Here is an extraordinary example of unintended and possibly inconceivable consequences, or maybe not. Whitney Tilson, capital investor and contributing founder of Teach for America, provides a window into what can happen when public education is hijacked by private companies.
Whitney Tilson is not a fan of the online-education company K12. His short position in K12 [Inc.] is the largest in his book, he told the audience at the second day of the Value Investing Congress in New York.
Who in education could have thought that the future of instructional and curricular decisions and practices would be intimately tied to the instability of Wall Street? Perhaps the only ones to potentially see it are the fund managers, traders, and corporate executives eager to get in on the “educational marketplace.”

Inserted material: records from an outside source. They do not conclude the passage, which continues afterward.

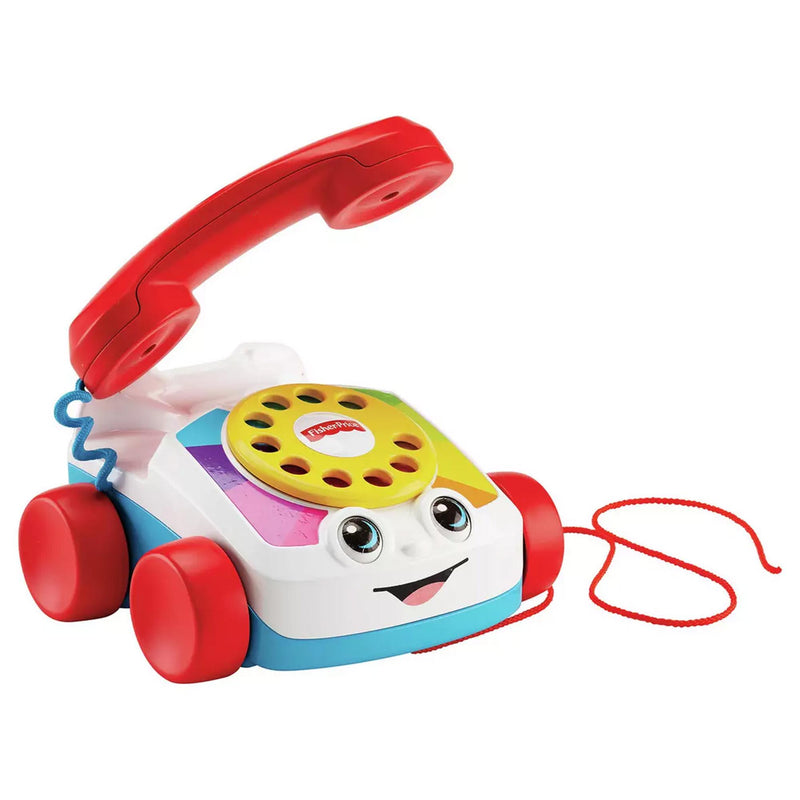 Fisher-Price Chatter Telephone pull-along toy - British product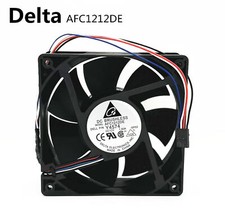 Delta AFC1212DE 12038 12V 1.6A 12CM 4 Line Ant PWM High Speed Cooling Fan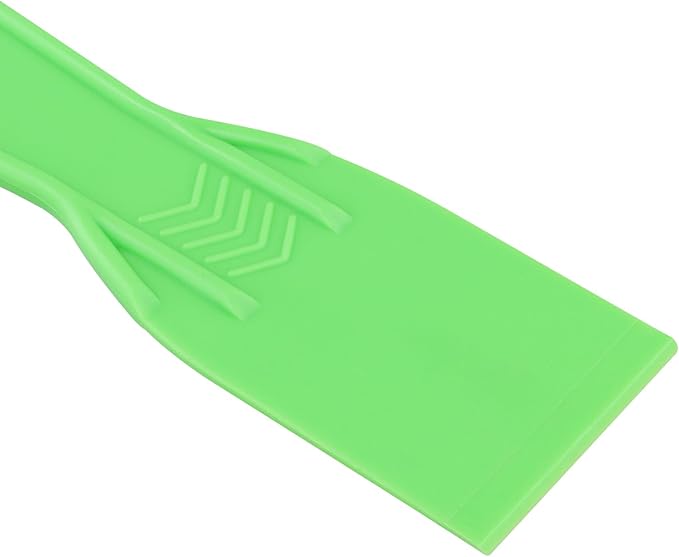 HAKZEON 50 PCS Plastic Putty Knife, 2 Inch Green Drywall Scraper, Flexible Spreader Spackle Tool for Spackling Patching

Key to this entire story is Tilson’s “short position.” Of course, shorting stocks is neither easily understood, nor for the faint of heart. It is difficult for a lot of people to wrap there heads around making money on a swooning stock, but here is the simplest explanation as I could find.
Essentially, an investor has sized up a company that they think ripe for a fall, and they are betting against that company, looking to make a windfall in the process. As in all market-driven scenarios, there is a clear winner and loser. In this case, the winner is the investor(s) and the loser a company whose products and services are supposed to be educating children.
Let me be clear, I am suspicious of K12 Incorporated. While I have been teaching online for years and think there are genuine merits to online learning, K12 does not have the best track record or reputation. Additionally, I would submit that online learning is not for everyone, a fact that Tilson even recognizes. However, I am extremely skeptical of any for-profit company so close to the ground in a school that it is in a position to dictate curricular or instructional decisions and practices. As a purveyor of online learning and virtual schooling, K12 completely subsumes what most people think of as being school, becoming one for the individual students it enrolls in full-time online course.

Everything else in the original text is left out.